What you will do |
Below are lines of data; restate word for word those running from the line containing "Weather camera view of Nazareth Area MS." to the line containing "2002 Jeep Liberty Sport", inclusive, and no others.

Available data |

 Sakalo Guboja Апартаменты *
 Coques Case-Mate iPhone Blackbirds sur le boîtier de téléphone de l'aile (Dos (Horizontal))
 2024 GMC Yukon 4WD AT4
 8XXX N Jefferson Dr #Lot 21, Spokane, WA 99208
...
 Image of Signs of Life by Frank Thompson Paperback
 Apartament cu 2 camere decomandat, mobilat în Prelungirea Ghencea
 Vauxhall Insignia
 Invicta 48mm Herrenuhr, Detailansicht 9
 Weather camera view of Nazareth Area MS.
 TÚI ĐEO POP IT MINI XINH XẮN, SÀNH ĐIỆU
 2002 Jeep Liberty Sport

Response to the exercise |
 Weather camera view of Nazareth Area MS.
 TÚI ĐEO POP IT MINI XINH XẮN, SÀNH ĐIỆU
 2002 Jeep Liberty Sport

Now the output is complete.